Un nuevo empate. Y ya van tres. Es lo que ha conseguido llevarse el Real Madrid de su partido de Champions ante otro equipo con camiseta amarilla, el Borussia Dortmund, que sigue compartiendo con los blancos el liderato del grupo F. Aunque el conjunto alemán lo hace con ventaja, ya que goza de una mayor diferencia de goles gracias al 0-6 conseguido ante el Legia de Varsovia en su estreno en la competición esta temporada.

 

Los alemanes, que supieron jugar sus cartas, lograron las tablas en los minutos finales del encuentro, como ya le ocurriera al Real Madrid frente a Las Palmas el pasado fin de semana.
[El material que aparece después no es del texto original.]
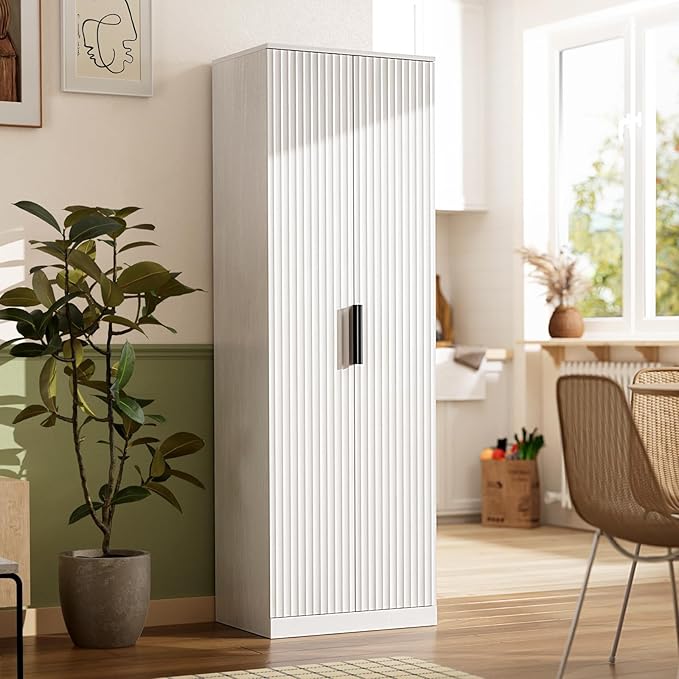 VINGLI 70" Modern Pantry Cabinet with Fluted Doors, 5 Adjustable Shelves, Tall Storage Solution for Kitchen, Dining Room, or Living Room, White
Los de Zinedine Zidane se adelantaron dos veces en el marcador gracias a los tantos de Cristiano Ronaldo en el 16’ y Varane en el 67’. Pero Aubameyang en el 42’, tras interceptar una carambola involuntaria del propio Varane, y Schürrle en el 87’ lograron poner el empate en el partido más complicado que a priori tienen los blancos en esta fase de grupos de la Champions.

 

Tras el enfado de Cristiano ante Las Palmas después de que Zidane lo mandara al banquillo en los últimos minutos del encuentro este fin de semana, todas las miradas estaban puestas en el portugués cuando logró el primer tanto ante el Dortmund (su segundo gol en Champions esta temporada). Por eso, tras festejarlo con Pepe y Coentrao, el jugador blanco corrió a celebrarlo con Zidane, enterrando así el hacha de guerra que había afilado en Liga ante su entrenador. El Real Madrid espera ahora al Legia Varsovia el próximo 18 de octubre en Champions.